Project Summary
Episodic memory binds together the people, objects, and locations that make up the specific events of our
lives, forming multi-element traces of experiences that can guide ongoing behavior, help imagine the future,
and enhance well-being. Episodic memory is poor in young children, a phenomenon called childhood amnesia.
It gradually improves over the preschool years, with further refinement in elementary school. Understanding
this developmental change requires linking research at three levels of analysis: (1) dissecting component
processes of episodic memory in controlled laboratory tasks; (2) assessing underlying neural changes; and (3)
evaluating children's naturalistic behaviors, both in the memory domain (self-related episodic memory and
memory conversations with adults) and more generally. We propose a longitudinal study of children from 4 to 6
years and from 6 to 8 years, i.e., across the offset of childhood amnesia, with rich evaluation of all three
components at three points in time. This multi-componential study across levels of analysis will be the first of
its kind.
Relational binding of multiple elements within an event may be conceptualized as the formation of coherent
multi-element episodes that allows for pattern completion, i.e., the elicitation of all components of the
experience from a subset. Another process involved in episodic memory is pattern separation. The
Complementary Learning Systems (CLS) model, as well as earlier mathematical models of the hippocampus
and later refinements of CLS, proposes that the hippocampus (HC) is specialized for the rapid and automatic
acquisition of information that is then orthogonalized to reduce potential interference among similar memories.
We will test children's abilities to retrieve all elements of an episode via pattern completion and children's
abilities to discriminate between overlapping episodes containing similar people, objects or spatial contexts via
pattern separation. In addition, a rich research tradition explores self-related episodic memories and their
retention over time, as well as their linkage to environmental support. We will link findings regarding children's
naturalistic behavior to laboratory measures of episodic memory and to neural development. These relations
are likely bi-directional in causality, and hence longitudinal evaluation is essential.
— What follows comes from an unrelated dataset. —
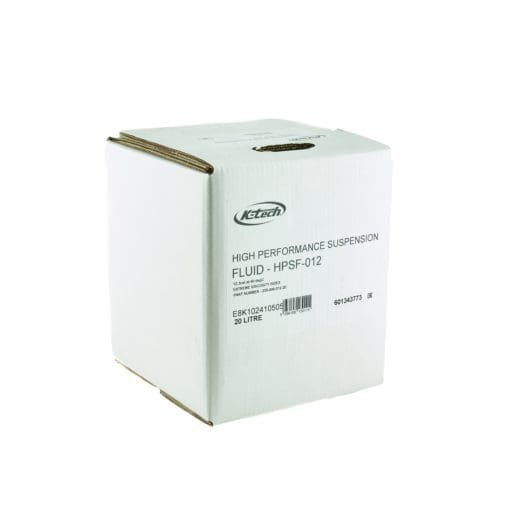 K-Tech SHOCK ABSORBER OIL K-TECH HIGH PERFORMANCE SAE 2.5w (20 ltr)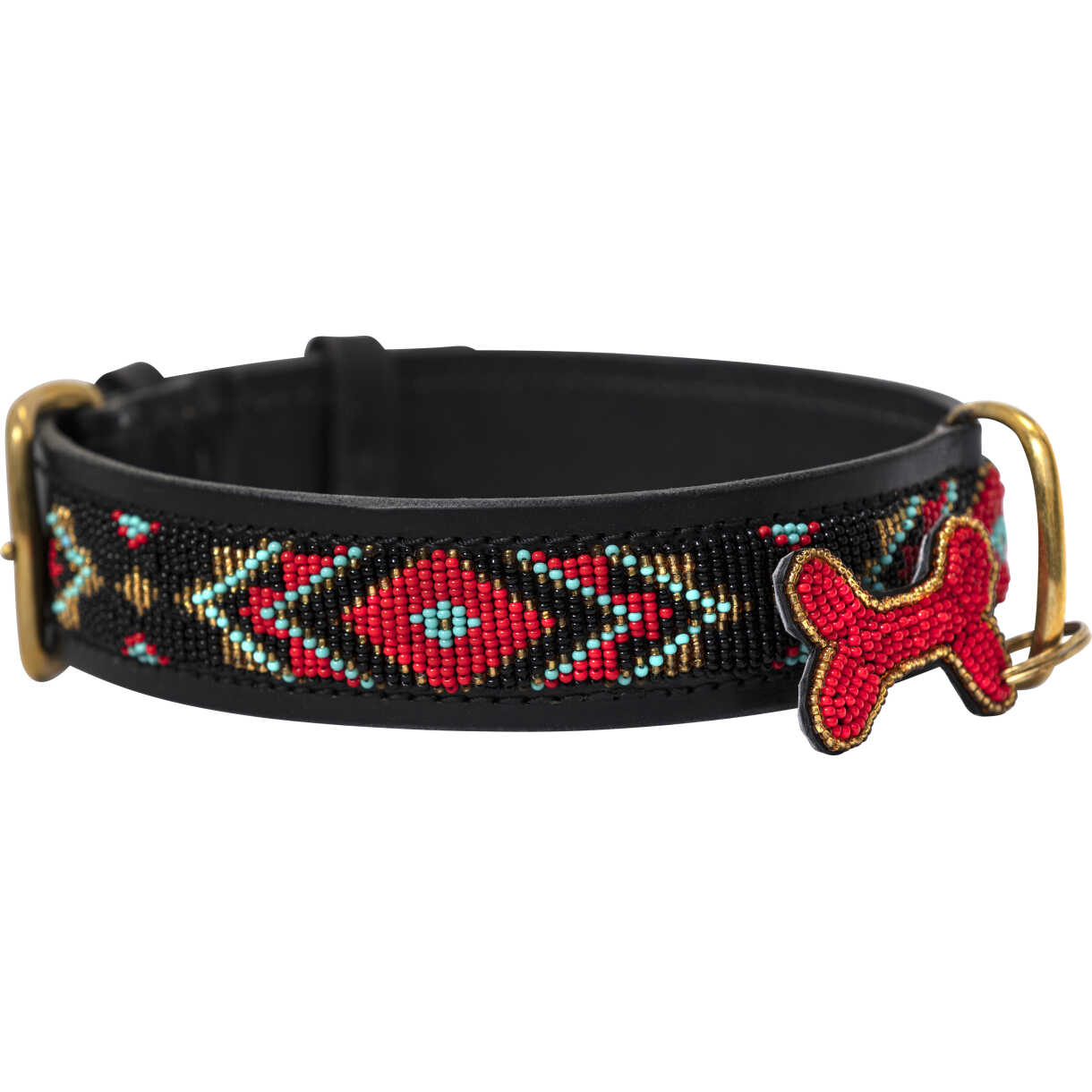 Kampuni handgefertigtes Hundehalsband Terese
The behavioral work will be complemented by work at the neural level. Both pattern completion and pattern
separation depend on the HC and are associated with maturation of its subfields, and the maturation of
connectivity between the HC and cortical control structures. Using high-definition MRI and cutting-edge
diffusion imaging parameters, we will test the hypothesis that specific hippocampal subfields perform pattern
completion (CA3) and separation (dentate gyrus). In addition, we will test whether white matter pathways, both
within the HC (e.g., perforant path) as well as long-range tracts linking the HC to neocortical areas, relate to
pattern completion/separation behavioral performance.